Despite moves to curb industrial growth rates and close some ageing steel works, China continues to produce more than 2 million tonnes of crude steel daily, almost 10 times the rate in the United States.
Australia, the world’s biggest producer of iron ore, forecast a 23.3 percent rise in exports to 650 million tonnes in the 2013/14 fiscal year, data from Australia’s Bureau of Resources and Energy Economics (BREE) showed on Wednesday.
The forecast was raised from an estimate of 615 million tonnes just three months ago.
“The super cycle is not over yet,” said Keith Goode, an analyst for Eagle Mining Research in Sydney, referring to unprecedented commodity demand driven by Chinese demand. “In China, the main demand still appears to be for iron ore.”

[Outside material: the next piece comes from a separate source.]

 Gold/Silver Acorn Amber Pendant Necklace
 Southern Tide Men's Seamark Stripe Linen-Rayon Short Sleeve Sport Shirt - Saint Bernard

Australia’s troika of big producers are spending billions of dollars to dig more, betting on greater economies of scale to enable them to ride out troughs in the demand cycle
Rio Tinto is preparing to raise output capacity by about a fifth to 360 million tonnes by 2015. BHP Billiton is also boosting production.
Fortescue Metals is in the early stages of setting up its next stage of growth in iron ore production beyond an annualised rate of 155 million tonnes.
China has plenty of its own iron ore. But much of it is so low grade its cheaper to import ore with three times higher iron content from Australia than mine it at home.
Australia’s exports of metallurgical coal used in making steel for the year are forecast to increase by 6 percent to 163.9 million tonnes, according to BREE.
China alone is expected to boost its imports of metallurgical coal by 8 per cent to 99 million tonnes in calendar 2014, BREE said.